In terms of the intermingling of reality and relious metaphor, I always like this bit from the first interview of Koichi Tohei on Aikido Journal:

Quote:
Before the war Sensei taught at the Naval Staff College, where he had Prince Takamatsu (a younger brother of the Showa emperor) as one of his students. On one occasion the prince pointed at Ueshiba Sensei and said, “Try to lift up that old man.” Four strong sailors tried their best to lift him but they couldn’t do it.

Sensei said of that time, “All the many divine spirits of Heaven and Earth entered my body and I became as immovable as a heavy rock.” Everybody took him literally and believed it. I heard him say that kind of thing hundreds of times.

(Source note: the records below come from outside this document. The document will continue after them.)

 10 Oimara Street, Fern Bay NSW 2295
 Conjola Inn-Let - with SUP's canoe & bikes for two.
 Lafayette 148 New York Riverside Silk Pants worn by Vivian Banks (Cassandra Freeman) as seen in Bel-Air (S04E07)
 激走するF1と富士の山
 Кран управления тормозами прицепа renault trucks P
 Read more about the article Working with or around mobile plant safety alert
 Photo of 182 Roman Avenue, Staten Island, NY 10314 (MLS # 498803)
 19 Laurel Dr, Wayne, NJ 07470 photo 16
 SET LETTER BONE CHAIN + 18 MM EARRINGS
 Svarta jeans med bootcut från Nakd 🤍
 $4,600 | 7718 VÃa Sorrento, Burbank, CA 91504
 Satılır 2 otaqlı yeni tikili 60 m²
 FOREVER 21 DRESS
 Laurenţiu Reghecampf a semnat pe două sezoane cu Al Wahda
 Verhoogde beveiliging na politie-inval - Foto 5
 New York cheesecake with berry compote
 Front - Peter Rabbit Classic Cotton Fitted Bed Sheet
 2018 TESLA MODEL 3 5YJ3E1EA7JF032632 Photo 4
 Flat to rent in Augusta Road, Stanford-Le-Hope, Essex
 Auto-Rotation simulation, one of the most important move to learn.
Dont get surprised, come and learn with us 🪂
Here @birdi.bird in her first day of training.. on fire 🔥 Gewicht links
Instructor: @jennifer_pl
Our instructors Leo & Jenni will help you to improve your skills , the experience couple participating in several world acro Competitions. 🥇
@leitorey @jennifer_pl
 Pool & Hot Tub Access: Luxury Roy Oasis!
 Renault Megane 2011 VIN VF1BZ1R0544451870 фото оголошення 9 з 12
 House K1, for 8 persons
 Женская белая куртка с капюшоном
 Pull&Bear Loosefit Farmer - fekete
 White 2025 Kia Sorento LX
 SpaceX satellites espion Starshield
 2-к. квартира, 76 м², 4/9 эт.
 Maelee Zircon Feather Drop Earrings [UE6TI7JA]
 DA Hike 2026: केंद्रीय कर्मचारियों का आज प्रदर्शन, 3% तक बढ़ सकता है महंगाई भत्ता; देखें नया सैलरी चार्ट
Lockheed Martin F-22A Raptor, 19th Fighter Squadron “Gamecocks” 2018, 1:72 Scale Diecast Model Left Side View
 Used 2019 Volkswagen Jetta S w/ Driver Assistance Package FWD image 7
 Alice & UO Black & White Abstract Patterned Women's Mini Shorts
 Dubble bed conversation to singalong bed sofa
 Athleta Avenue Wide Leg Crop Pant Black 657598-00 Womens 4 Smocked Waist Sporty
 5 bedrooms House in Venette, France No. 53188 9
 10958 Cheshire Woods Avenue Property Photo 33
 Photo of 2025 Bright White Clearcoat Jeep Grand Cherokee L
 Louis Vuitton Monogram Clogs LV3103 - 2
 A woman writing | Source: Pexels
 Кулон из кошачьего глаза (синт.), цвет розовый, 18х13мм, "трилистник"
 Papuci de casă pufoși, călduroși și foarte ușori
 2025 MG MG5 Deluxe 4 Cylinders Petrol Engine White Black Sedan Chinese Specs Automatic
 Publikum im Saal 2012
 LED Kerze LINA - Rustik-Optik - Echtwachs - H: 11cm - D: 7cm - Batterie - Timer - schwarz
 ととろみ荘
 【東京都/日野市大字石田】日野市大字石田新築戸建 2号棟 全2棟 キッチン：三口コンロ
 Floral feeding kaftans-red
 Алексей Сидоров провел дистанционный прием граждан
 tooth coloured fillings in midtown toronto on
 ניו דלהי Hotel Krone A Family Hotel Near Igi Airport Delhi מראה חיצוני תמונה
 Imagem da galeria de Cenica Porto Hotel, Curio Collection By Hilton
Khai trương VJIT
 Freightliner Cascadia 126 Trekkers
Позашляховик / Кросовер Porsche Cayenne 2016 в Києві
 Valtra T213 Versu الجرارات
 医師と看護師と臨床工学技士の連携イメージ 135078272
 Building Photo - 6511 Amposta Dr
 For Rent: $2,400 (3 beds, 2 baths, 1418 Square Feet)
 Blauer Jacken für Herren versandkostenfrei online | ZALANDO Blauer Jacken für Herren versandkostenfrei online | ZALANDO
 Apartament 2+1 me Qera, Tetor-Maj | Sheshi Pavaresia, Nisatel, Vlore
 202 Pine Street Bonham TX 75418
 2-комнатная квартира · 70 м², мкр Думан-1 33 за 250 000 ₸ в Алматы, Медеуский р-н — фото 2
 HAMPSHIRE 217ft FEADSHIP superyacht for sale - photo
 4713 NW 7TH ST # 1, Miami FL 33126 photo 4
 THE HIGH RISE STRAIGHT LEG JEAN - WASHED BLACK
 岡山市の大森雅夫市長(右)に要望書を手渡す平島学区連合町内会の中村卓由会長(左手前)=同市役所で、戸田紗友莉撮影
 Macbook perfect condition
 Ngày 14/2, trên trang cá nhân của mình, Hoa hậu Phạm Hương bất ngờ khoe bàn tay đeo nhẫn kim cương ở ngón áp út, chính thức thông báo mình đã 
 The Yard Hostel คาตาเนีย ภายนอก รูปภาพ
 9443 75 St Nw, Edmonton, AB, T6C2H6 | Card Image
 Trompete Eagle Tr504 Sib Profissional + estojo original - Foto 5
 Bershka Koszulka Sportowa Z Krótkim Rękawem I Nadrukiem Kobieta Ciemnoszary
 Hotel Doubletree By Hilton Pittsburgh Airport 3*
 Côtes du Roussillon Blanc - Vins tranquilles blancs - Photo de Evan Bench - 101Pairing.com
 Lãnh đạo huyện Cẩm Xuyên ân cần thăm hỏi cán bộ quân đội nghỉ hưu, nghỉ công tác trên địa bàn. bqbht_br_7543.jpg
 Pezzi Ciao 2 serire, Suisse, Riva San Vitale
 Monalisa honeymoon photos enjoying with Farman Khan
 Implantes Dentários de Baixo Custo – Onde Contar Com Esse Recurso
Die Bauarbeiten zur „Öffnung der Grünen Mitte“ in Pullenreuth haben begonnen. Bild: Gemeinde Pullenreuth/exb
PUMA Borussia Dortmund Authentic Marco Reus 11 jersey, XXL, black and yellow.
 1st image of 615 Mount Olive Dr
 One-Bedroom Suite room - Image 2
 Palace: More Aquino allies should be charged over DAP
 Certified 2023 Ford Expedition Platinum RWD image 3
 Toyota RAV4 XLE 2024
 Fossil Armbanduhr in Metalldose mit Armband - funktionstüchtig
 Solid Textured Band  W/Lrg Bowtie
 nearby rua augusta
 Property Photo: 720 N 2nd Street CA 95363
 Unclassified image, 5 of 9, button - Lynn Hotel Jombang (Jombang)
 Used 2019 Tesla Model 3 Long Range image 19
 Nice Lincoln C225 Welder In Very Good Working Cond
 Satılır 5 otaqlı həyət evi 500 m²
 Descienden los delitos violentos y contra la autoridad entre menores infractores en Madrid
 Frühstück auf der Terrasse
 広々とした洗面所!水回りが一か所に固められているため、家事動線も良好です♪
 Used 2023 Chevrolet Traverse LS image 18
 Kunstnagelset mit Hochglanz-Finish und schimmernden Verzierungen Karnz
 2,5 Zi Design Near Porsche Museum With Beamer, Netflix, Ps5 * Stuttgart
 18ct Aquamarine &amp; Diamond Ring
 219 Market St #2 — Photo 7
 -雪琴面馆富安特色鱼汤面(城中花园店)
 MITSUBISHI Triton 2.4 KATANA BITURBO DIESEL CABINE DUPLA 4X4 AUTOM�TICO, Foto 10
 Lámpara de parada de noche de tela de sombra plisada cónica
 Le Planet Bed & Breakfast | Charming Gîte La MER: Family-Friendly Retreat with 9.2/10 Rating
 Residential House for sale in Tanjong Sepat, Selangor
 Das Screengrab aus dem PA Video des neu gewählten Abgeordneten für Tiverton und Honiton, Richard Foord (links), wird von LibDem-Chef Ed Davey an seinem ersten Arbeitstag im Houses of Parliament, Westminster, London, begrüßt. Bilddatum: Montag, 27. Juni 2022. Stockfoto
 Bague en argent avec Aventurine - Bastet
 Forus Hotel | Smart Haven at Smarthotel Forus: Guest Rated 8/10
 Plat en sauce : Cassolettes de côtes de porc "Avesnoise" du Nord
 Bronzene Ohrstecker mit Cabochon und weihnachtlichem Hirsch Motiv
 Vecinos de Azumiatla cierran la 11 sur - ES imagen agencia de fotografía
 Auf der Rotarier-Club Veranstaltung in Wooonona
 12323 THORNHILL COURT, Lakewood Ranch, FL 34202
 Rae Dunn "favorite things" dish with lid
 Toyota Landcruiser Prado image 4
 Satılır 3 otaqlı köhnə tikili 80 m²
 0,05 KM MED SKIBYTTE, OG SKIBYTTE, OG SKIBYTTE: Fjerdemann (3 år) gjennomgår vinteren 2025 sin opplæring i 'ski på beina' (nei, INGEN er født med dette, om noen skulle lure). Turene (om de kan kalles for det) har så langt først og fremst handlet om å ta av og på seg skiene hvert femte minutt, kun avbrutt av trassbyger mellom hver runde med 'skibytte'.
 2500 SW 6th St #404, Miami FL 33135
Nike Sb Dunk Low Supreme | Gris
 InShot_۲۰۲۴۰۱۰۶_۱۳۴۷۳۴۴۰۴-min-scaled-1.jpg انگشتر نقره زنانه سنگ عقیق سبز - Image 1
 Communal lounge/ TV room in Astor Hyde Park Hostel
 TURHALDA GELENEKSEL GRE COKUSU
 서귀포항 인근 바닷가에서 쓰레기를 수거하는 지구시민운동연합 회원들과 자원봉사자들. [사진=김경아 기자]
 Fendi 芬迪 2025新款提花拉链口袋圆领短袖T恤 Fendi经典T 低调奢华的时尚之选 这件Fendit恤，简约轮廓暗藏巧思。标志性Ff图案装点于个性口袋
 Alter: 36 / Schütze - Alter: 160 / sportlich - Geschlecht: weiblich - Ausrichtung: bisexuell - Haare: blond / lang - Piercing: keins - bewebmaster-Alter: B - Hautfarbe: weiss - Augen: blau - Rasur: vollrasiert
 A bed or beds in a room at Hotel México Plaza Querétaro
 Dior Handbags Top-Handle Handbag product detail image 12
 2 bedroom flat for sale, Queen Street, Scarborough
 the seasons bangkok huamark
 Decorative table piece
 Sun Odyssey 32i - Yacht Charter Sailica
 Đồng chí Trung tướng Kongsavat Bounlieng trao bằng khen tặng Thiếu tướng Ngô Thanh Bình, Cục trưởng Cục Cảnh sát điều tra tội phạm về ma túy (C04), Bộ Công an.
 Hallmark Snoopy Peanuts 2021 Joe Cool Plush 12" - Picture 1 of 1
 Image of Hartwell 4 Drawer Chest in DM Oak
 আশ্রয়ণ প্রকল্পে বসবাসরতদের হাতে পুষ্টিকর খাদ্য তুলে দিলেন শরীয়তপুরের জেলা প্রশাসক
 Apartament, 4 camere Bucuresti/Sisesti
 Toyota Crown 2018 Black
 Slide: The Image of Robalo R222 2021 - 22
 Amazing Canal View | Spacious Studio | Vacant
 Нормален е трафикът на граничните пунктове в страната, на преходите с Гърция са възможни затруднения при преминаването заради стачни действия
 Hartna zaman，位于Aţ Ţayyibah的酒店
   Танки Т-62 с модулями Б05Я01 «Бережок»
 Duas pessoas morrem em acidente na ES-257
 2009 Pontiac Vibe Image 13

For my part, I have never had divine beings enter my body. I’ve never put much stock in that kind of illogical explanation.

Once when I was with Sensei in Hawaii, there was a demonstration in which two of the strong Hawaiian students were supposed to try to lift me up. They already knew they couldn’t do it, so they didn’t think much of it. But Sensei, who was off to the side watching, kept standing up and saying, “Stop, you can lift Tohei, you can lift him! Stop, make them stop! This demonstration’s no good!”

Tohei demonstrating in Hawaii
shortly after his arrivalYou see, I had been out drinking until three o’clock in the morning the previous evening, and Sensei knew what condition I had come home in. He said, “Of course the gods aren’t going to enter into a drunken sot like you! If they did they’d all get tipsy!” That’s why he thought they would be able to lift me.

In reality that sort of thing has nothing to do with any gods or spirits. It’s just a matter of having a low center of gravity. I know this and it’s what I teach all my students. It wouldn’t mean anything if only certain special people could do it. Things like that have to be accessible to everyone if they’re to have any meaning.

People with so-called “supernatural powers” are usually the only ones who can do whatever it is they claim. Others can’t do what they do and they can’t teach what they do, because what they do is not real; it’s fake. Anybody can do the things I teach. They’re alive in aikido techniques just as they are. All you have to know is how to do them correctly, and viewing them as supernatural powers requiring the presence of some god or what have you is a big mistake. I regard it as my responsibility to teach correctly.
My general point about the quote is that it's very difficult to tell when Ueshiba was honestly talking about the gods as opposed to when he was talking about physical aspects of "internal strength" using religious metaphor. If he was freely intermingling religious discussion with comments, say, on how to do things practically, then it's easy to see that many of the current translations are potentially wildly off-point.

In the Chinese views, from which much of the basic pattern is borrowed by the Japanese, it gets worse. The further I progress in these things, the more suspicious I am that the whole ki, acupuncture, TCM, qigong, etc., paradigm is essentially what the Chinese cosmology is based on. Previously I thought there were some unusual and telling cross-overs, but as the number of these has grown over the years I'm being forced to take a different perspective. Generally what I'm saying is that too many of these discussions, in both Japanese and Chinese, are not what they superficially seem(ed) to be.

FWIW

Mike Sigman

Last edited by Mike Sigman : 01-08-2011 at 08:32 AM.